• **WHAT YOU HAVE TO DO**
Starting at the line that contains "micrófonos se encienden." and stopping after the line that contains "Rudolph the Red", transcribe the listing below exactly; do not include any pictures.

* * * * * * * * *

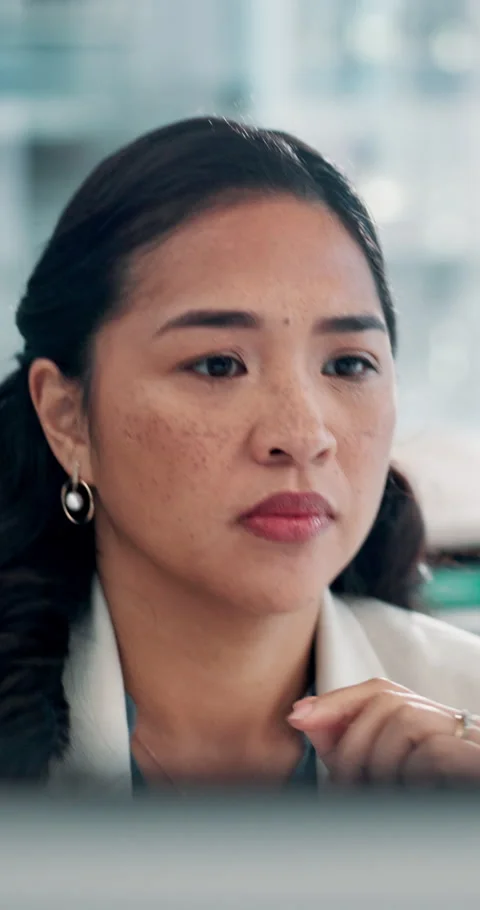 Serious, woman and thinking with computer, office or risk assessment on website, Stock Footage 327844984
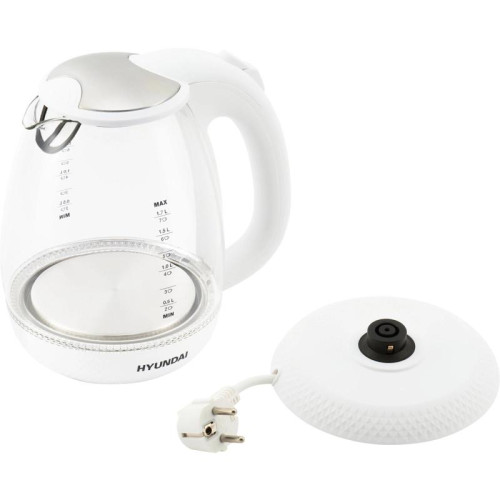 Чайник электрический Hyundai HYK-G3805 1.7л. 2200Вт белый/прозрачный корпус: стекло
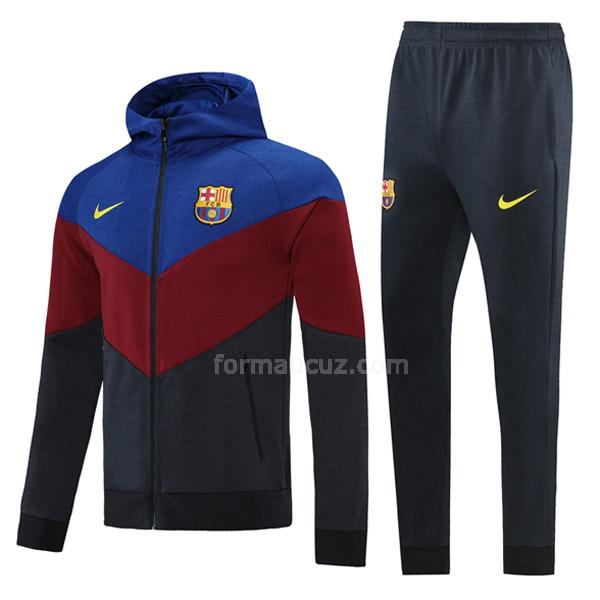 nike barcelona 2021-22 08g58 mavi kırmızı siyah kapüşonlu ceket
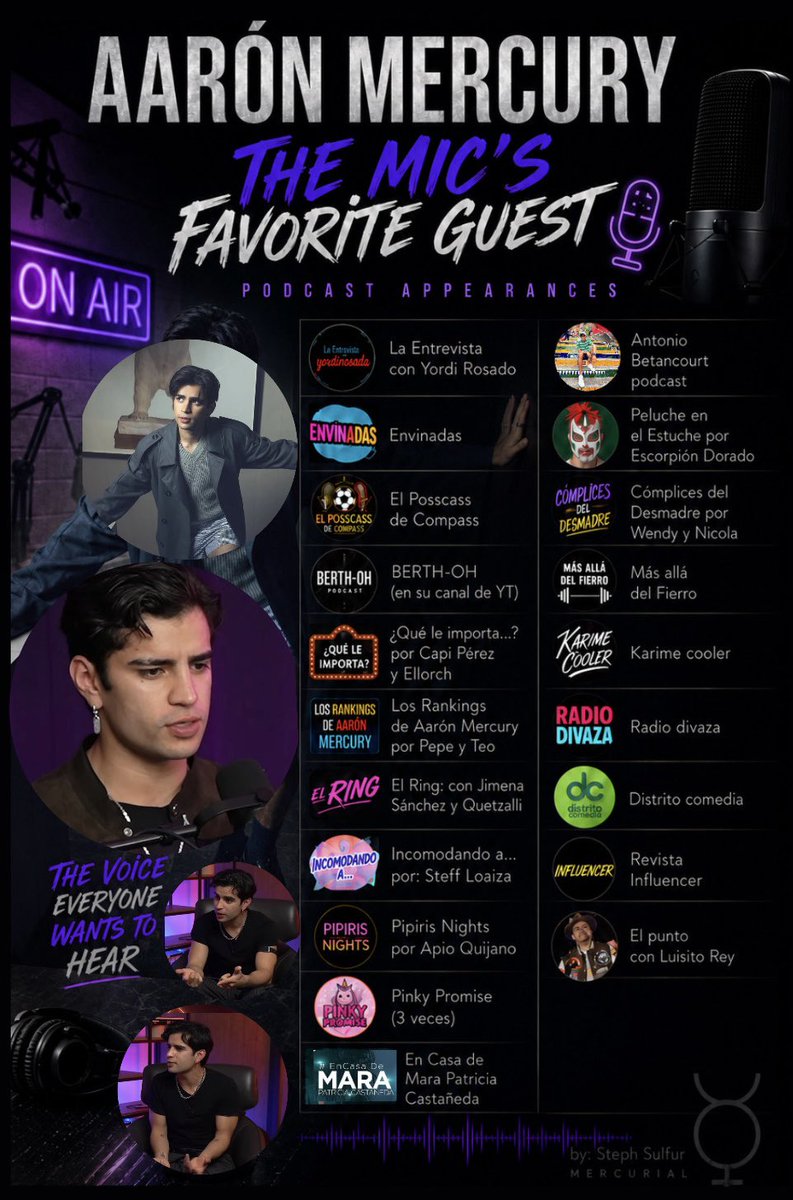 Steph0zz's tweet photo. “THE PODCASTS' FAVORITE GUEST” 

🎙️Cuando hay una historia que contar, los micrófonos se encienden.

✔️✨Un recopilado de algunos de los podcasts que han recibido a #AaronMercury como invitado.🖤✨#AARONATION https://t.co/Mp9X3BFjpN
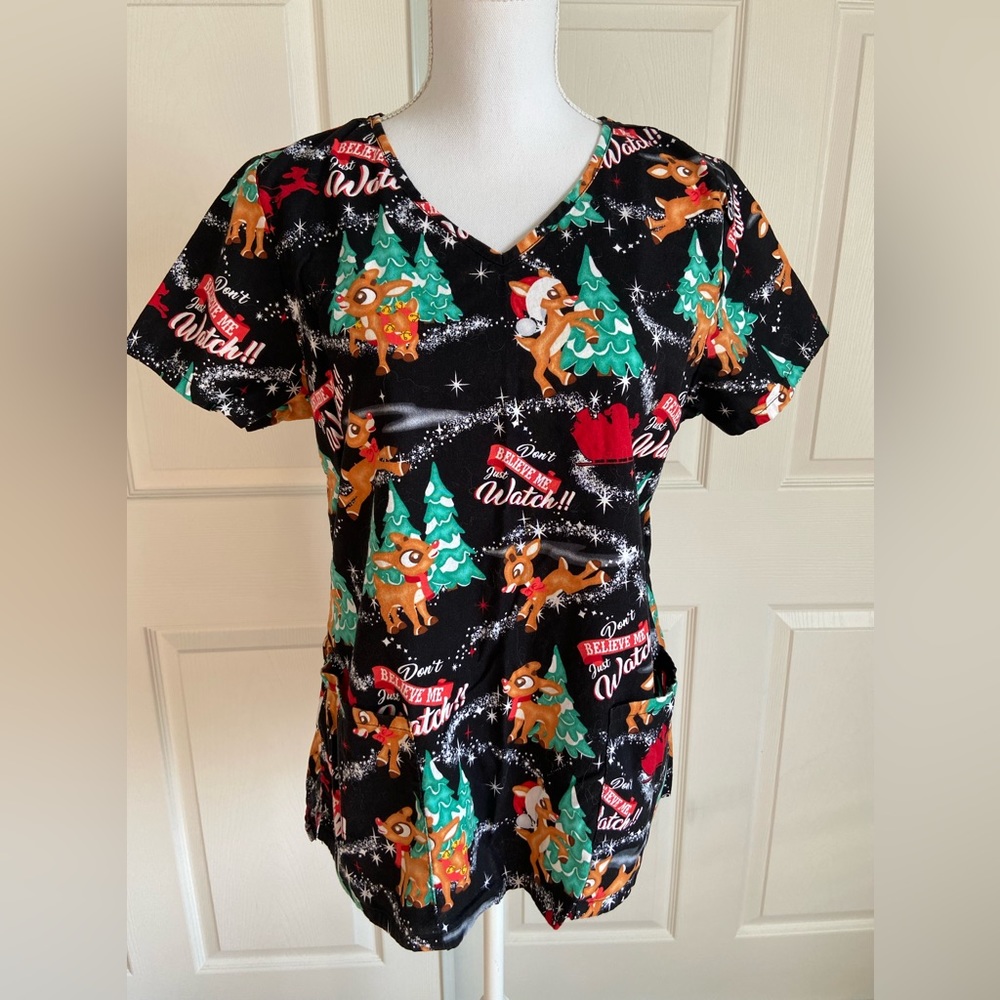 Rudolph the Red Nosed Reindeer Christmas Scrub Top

* * * * * * * * *

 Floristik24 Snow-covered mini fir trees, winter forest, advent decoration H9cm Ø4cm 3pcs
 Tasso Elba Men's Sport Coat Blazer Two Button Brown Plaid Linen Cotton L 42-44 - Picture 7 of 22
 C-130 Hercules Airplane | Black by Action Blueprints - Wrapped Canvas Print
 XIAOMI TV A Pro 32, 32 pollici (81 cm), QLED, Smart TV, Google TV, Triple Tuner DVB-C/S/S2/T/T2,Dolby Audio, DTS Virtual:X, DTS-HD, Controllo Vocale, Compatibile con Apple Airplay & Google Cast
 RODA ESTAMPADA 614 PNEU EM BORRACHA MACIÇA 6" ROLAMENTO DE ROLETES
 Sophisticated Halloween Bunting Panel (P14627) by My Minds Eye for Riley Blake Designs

* * * * * * * * *

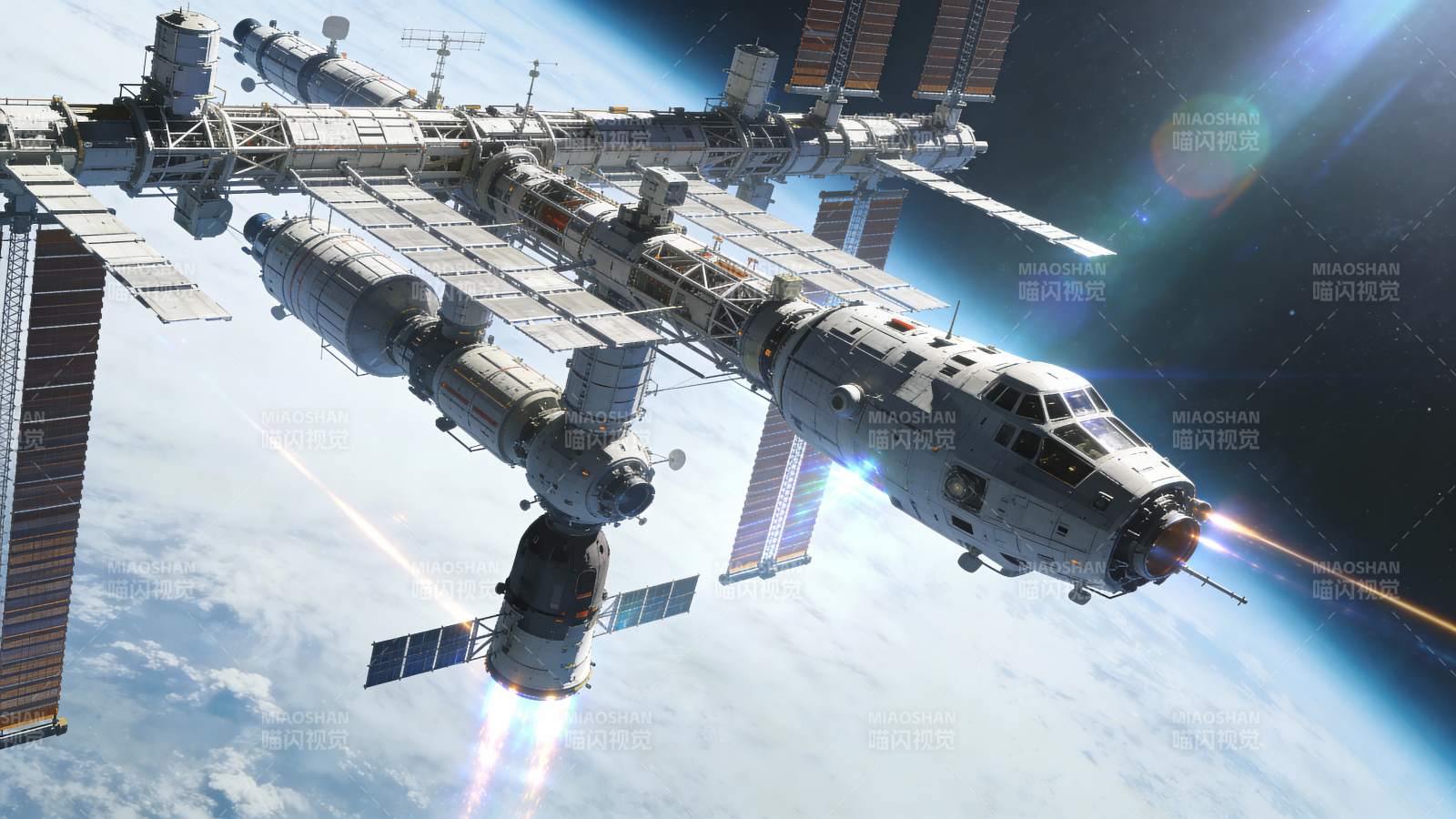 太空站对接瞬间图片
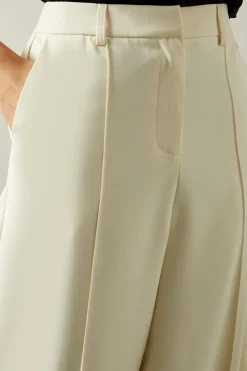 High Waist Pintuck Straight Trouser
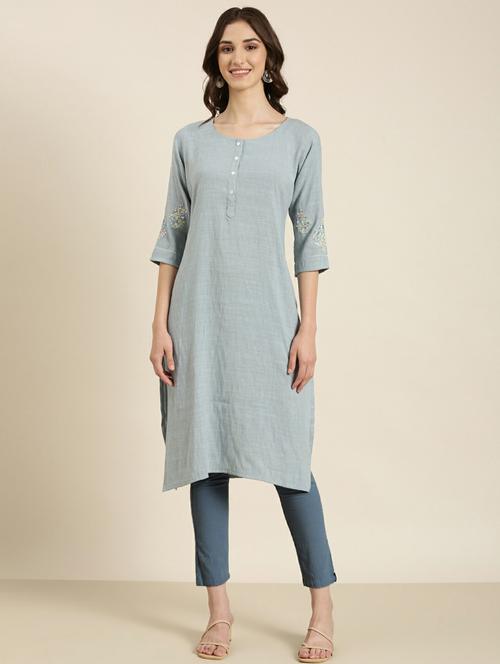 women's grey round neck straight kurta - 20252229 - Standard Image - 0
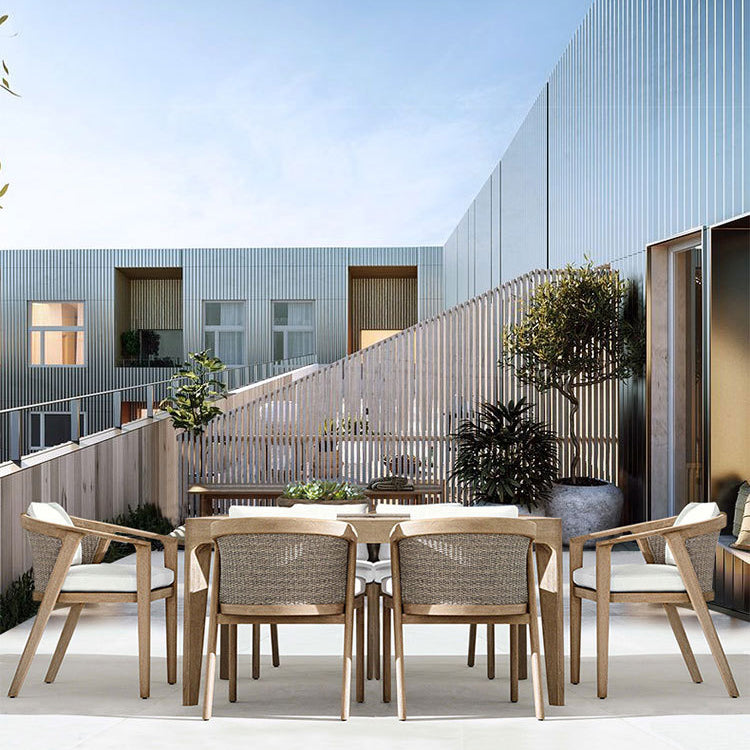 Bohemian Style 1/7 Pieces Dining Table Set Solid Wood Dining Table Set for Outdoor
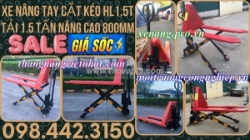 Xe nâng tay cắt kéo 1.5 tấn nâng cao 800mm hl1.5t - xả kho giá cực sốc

* * * * * * * * *

• **WRITTEN RESPONSE**
🎙️Cuando hay una historia que contar, los micrófonos se encienden.

✔️✨Un recopilado de algunos de los podcasts que han recibido a #AaronMercury como invitado.🖤✨#AARONATION https://t.co/Mp9X3BFjpN
 Rudolph the Red Nosed Reindeer Christmas Scrub Top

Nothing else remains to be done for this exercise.